Hemp cultivation, which will soon be legal under the 2018 Farm Bill, was once abundantly grown across the U.S until its production was outlawed in 1937. (ksjd.org)
Hemp cultivation, which will soon be legal under the 2018 Farm Bill, was once abundantly grown across the U.S until its production was outlawed in 1937. (ksjd.org)
December 14, 2018

TRUCHAS, N.M. – Farmers who want to grow hemp in New Mexico no longer have to worry that they're breaking federal laws. The 2018 Farm Bill agreed on in Congress this week would legalize hemp production nationwide.

Growing industrial hemp in New Mexico became legal this year after the state Supreme Court overturned a bill vetoed by Governor Susana Martinez on procedural grounds. But many farmers found it too risky with federal prohibitions still in place.

Jerry Fuentes, a farmer and volunteer for the New Mexico Industrial Hemp Coalition, has been a leader in getting hemp legalized in New Mexico for nearly 20 years.
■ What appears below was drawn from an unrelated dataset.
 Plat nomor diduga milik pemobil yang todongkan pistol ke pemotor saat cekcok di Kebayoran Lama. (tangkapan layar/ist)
He says farmers can finally look forward to growing it without being punished.

"And we're looking at forming some cooperatives around in New Mexico to grow hemp, 100 acre cooperatives; small farmers is who we're trying to organize,” says Fuentes. “There's a whole lot of industry to be created now."

Hemp can be used for rope, clothing, biofuels, and the substance known as cannabidiol or CBD, which is often sold as a health product.
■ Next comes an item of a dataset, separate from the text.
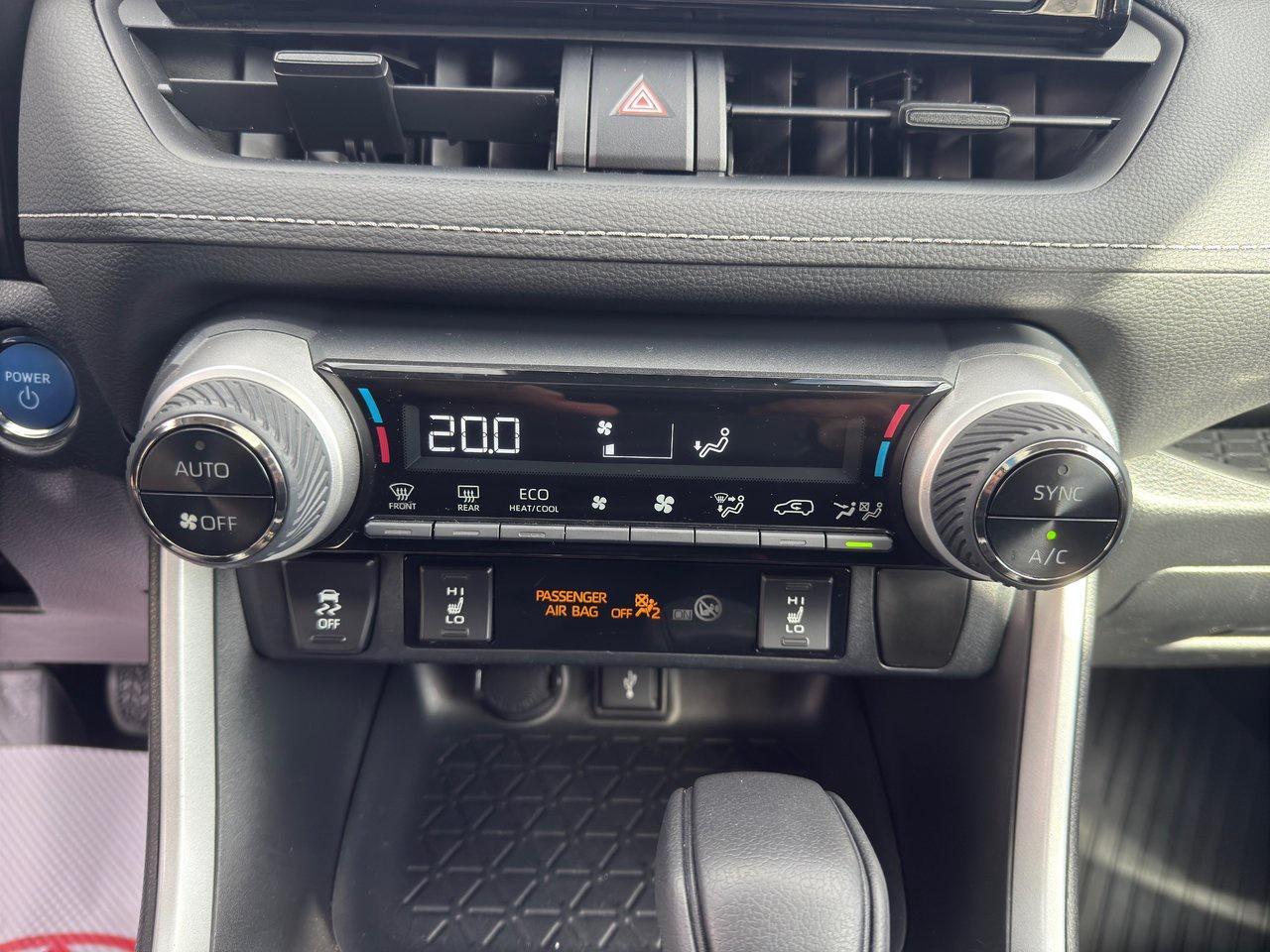 2020 Toyota RAV4 Hybrid XLE Photo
By putting hemp into annual crop rotation, Fuentes says New Mexico can now compete with other states where it has been grown for decades.
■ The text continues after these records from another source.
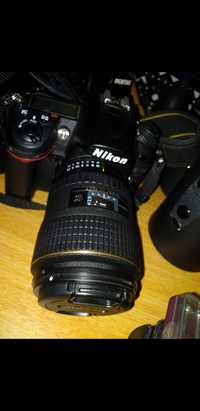 Dslr Nikon D7000 cu 20 000 cadre cu obiective Nikon 35 mm1.8 G,Nikon50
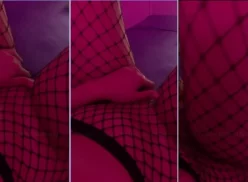 Diabela luciendo onlyfans con un video candente tocándose con las piernas abiertas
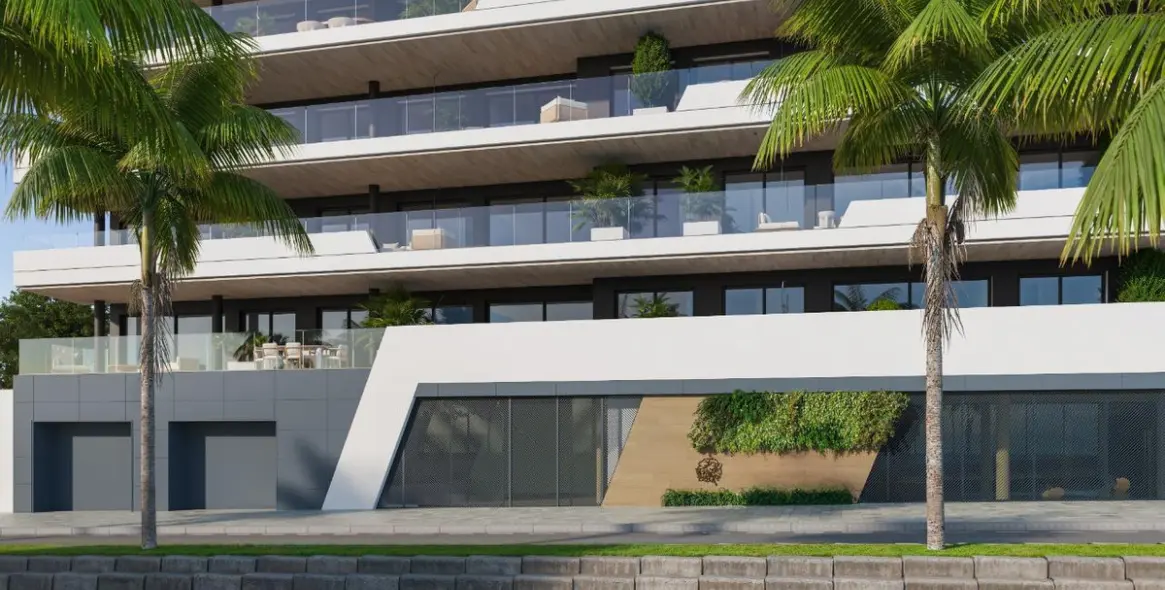 Sale of middle floor apartment in Fuengirola 26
"The biggest issue facing farmers right now was the banking issue, of being able to bank your money or even being able to get a loan to be able to grow industrial hemp,” says Fuentes.

With his work completed on hemp legalization, Fuentes says he'll be back at the upcoming session of the New Mexico Legislature to advocate for legalizing marijuana, which he says could generate $60 to $70 million of new state tax revenue.